Troubleshooting Networks with SNMPWalk: Step-by-Step Examples

Automating Inventory Collection Using SNMPWalk Scripts

Overview

Automating inventory collection uses SNMP walks to regularly query devices’ MIBs and extract device identifiers, interfaces, uptime, firmware, serial numbers, IP/MAC, and other inventory fields.
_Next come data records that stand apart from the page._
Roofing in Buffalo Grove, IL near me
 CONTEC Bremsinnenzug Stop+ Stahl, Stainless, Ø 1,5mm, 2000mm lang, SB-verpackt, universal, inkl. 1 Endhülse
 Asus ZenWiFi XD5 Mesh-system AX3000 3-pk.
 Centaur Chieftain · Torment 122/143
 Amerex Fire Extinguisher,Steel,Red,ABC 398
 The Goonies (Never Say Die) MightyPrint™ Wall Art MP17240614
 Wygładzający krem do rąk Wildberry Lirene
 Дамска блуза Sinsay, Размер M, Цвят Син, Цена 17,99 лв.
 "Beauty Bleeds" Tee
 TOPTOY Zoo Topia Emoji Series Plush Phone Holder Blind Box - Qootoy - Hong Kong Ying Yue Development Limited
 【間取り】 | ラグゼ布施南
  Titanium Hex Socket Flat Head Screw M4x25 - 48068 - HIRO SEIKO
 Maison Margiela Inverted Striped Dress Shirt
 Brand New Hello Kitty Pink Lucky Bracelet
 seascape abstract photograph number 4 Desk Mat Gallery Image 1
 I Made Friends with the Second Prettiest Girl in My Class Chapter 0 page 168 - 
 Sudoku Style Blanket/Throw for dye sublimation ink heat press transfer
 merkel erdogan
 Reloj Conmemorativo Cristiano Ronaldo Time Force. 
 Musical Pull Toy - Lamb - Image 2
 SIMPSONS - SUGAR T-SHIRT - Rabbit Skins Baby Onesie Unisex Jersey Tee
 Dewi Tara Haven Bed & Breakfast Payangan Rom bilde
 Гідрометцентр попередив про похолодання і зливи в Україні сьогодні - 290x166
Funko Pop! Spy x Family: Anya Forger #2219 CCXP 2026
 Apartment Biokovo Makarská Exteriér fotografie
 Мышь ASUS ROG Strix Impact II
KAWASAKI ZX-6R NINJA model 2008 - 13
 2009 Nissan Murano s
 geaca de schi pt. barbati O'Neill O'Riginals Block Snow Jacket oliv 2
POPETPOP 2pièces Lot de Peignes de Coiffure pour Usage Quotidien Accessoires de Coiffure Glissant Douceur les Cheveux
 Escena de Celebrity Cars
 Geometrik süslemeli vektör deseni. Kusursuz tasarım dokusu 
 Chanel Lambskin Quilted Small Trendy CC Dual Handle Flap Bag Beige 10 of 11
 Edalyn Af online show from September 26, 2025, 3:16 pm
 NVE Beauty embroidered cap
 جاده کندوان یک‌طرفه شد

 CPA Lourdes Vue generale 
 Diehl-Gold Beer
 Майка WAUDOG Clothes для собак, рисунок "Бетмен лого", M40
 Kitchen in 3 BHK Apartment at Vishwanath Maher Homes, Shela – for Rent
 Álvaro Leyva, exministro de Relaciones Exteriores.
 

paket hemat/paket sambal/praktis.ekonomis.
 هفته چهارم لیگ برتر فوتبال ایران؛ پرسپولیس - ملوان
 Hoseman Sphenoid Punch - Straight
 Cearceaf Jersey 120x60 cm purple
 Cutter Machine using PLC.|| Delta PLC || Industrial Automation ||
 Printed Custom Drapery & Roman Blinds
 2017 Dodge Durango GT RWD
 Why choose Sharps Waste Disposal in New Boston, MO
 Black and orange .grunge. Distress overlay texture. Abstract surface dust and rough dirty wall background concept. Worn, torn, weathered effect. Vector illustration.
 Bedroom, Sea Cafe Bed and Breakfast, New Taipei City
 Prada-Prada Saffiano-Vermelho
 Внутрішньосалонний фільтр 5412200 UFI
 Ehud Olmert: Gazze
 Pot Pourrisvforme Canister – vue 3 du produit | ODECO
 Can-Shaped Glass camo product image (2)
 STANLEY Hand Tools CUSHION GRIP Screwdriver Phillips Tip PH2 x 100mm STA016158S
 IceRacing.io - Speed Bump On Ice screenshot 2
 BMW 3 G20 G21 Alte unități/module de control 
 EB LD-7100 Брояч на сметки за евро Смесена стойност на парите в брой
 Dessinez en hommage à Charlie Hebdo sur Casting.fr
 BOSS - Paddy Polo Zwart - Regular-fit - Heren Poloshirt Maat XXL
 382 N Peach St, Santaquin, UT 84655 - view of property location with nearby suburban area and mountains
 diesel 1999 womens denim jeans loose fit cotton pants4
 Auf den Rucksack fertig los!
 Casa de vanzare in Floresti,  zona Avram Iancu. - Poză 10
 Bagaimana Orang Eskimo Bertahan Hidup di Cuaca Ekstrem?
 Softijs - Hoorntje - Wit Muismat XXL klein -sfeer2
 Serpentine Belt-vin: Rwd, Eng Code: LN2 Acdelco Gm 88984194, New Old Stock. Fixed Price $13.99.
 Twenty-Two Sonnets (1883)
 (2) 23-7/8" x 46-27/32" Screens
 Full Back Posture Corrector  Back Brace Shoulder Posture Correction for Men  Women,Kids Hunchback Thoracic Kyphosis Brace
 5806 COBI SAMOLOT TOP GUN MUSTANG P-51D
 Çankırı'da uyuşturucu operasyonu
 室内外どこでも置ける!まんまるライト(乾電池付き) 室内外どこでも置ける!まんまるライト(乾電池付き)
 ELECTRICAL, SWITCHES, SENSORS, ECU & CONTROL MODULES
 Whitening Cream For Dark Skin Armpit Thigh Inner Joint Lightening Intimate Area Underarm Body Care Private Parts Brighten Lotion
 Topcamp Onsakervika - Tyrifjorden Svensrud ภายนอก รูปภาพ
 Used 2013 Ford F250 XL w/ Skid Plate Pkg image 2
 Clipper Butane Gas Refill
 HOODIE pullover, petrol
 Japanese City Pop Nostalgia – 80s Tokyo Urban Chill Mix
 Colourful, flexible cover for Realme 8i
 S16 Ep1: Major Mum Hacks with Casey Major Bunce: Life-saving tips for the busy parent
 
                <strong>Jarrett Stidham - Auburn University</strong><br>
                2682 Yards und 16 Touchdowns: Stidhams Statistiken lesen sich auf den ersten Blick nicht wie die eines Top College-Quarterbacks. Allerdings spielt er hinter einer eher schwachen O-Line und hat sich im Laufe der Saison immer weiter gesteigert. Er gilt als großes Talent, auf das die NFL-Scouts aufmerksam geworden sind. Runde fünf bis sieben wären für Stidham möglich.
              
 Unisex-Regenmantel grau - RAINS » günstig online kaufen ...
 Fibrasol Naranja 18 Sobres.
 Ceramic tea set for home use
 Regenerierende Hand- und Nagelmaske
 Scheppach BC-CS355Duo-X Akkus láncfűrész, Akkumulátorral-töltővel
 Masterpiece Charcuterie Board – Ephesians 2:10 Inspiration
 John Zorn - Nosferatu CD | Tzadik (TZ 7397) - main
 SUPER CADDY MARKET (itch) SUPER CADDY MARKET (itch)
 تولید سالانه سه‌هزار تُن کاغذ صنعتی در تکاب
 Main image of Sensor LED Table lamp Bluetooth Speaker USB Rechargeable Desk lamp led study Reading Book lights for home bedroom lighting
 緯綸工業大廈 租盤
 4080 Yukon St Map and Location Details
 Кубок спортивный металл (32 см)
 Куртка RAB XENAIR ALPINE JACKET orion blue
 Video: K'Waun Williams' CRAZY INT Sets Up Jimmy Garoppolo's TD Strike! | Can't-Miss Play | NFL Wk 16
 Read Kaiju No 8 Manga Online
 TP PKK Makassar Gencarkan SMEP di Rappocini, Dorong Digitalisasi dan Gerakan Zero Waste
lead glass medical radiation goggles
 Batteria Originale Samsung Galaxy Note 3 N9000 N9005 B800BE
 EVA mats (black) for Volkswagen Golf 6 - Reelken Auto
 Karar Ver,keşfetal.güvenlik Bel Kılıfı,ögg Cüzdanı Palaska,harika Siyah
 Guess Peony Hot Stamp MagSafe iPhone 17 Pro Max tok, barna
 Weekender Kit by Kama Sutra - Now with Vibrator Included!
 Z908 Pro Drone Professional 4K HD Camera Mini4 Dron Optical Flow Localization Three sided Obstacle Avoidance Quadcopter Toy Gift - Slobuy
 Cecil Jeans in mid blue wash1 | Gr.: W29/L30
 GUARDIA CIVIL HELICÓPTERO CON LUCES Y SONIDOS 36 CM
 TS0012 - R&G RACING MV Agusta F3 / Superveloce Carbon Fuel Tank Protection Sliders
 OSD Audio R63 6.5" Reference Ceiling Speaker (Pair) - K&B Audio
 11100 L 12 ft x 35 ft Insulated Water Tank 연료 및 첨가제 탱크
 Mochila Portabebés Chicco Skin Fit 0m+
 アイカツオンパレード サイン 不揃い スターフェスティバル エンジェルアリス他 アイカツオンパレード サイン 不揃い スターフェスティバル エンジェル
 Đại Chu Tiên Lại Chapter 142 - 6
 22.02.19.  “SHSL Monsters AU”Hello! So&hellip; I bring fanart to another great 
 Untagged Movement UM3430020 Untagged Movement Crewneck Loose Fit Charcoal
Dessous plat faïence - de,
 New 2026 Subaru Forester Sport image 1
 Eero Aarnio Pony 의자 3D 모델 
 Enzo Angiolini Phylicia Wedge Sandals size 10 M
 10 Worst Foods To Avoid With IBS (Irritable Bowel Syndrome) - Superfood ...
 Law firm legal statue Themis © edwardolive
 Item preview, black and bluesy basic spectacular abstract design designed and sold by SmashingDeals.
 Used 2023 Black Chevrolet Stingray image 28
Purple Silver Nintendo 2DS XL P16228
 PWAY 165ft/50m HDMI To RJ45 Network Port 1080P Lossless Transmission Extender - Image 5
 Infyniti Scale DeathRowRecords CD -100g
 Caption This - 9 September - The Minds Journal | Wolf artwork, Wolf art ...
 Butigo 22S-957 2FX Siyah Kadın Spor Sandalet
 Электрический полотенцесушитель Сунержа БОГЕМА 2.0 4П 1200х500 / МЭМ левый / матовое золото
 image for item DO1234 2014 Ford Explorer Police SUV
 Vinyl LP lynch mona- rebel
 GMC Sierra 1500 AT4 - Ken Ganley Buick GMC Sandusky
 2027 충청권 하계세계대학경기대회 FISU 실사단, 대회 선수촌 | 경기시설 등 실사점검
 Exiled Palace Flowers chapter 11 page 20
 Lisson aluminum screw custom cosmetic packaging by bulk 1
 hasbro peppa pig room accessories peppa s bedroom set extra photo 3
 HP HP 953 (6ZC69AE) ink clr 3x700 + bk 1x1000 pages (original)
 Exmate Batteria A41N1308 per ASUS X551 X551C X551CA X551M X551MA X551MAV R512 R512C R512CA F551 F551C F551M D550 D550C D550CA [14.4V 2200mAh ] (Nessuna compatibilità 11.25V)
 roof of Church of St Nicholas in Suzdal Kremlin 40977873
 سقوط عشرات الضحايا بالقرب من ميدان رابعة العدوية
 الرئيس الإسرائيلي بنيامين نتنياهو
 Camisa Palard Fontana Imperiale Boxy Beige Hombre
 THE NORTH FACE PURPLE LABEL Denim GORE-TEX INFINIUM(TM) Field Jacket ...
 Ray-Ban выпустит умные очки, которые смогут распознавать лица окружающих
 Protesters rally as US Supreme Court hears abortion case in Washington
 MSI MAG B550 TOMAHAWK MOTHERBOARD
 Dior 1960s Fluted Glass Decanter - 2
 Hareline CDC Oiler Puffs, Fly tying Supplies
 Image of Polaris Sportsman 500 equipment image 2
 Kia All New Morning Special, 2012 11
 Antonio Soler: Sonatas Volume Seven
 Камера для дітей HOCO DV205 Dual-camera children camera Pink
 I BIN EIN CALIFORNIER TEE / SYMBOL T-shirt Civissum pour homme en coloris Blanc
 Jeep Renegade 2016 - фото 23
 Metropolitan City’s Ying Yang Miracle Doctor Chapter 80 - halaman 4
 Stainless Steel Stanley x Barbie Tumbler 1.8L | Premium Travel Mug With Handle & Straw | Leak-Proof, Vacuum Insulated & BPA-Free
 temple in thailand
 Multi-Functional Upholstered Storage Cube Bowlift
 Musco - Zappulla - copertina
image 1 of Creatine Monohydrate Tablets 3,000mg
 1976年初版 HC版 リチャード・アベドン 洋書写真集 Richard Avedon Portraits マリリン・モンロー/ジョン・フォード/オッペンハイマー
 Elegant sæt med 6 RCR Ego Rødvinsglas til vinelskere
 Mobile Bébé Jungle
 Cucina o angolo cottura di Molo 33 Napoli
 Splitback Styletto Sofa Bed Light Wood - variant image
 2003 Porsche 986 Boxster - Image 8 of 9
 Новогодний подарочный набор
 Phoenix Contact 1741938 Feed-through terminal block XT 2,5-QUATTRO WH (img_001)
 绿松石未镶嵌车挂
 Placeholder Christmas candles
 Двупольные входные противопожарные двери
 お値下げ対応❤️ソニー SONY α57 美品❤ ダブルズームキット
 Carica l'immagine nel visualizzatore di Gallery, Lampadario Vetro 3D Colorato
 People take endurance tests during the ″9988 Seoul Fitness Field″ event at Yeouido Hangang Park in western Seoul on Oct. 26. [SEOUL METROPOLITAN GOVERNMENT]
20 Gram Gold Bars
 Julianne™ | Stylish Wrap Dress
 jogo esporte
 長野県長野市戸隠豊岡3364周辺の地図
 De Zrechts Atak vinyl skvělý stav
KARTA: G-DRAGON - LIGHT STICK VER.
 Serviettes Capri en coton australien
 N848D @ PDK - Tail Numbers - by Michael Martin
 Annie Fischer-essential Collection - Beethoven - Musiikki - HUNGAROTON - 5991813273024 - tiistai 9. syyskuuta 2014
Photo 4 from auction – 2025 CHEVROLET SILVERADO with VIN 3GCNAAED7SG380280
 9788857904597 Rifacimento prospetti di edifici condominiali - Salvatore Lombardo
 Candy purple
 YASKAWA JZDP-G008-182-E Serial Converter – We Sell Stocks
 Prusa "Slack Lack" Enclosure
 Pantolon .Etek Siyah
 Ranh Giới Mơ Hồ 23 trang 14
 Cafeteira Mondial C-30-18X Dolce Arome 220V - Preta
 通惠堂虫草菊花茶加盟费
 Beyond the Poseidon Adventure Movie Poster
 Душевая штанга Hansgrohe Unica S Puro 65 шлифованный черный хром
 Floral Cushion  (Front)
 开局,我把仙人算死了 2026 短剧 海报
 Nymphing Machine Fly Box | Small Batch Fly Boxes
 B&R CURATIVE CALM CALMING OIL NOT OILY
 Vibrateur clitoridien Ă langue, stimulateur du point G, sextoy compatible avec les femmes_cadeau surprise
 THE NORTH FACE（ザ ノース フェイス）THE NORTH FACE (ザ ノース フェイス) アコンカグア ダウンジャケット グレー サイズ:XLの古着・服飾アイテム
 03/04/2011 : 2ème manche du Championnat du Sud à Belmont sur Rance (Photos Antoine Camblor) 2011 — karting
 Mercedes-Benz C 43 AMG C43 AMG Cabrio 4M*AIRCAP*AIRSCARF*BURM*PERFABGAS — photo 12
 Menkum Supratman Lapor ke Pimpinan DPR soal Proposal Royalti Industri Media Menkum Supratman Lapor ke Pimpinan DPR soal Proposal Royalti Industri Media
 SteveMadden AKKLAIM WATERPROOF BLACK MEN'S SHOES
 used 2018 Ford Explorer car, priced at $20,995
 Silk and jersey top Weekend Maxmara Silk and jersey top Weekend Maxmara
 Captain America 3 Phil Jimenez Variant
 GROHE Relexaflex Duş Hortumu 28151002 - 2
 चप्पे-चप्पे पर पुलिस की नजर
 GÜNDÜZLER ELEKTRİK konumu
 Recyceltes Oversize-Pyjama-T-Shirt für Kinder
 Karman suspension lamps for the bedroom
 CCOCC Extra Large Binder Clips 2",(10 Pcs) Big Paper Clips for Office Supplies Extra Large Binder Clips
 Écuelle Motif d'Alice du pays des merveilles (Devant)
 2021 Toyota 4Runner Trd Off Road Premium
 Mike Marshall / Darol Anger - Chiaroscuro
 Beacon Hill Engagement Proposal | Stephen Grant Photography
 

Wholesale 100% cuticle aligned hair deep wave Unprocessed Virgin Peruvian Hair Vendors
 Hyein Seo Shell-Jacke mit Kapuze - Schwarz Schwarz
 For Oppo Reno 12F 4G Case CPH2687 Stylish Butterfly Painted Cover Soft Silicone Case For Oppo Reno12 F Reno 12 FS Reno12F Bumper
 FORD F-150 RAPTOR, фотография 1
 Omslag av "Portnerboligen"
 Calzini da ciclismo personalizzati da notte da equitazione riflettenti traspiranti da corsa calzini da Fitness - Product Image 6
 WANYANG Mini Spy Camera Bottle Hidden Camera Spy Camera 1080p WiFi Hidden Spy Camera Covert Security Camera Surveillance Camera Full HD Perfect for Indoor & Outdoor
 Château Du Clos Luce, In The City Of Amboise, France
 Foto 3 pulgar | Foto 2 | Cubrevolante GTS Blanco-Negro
Scripts run snmpwalk (or snmpget) against IP ranges, parse outputs, and store results in CSV/JSON or a CMDB.

What to collect (common OIDs)

  • sysName (.1.3.6.1.2.1.1.5) — hostname
  • sysDescr (.1.3.6.1.2.1.1.1) — model/OS string
  • sysUpTime (.1.3.6.1.2.1.1.3) — uptime
  • entPhysicalSerialNum (.1.3.6.1.2.1.47.1.1.1.1.11) — serial
  • ifDescr (.1.3.6.1.2.1.2.2.1.2) — interface names
  • ifPhysAddress (.1.3.6.1.2.1.2.2.1.6) — MACs
  • Vendor-specific enterprise OIDs for hardware details (e.g., .1.3.6.1.4.1.*)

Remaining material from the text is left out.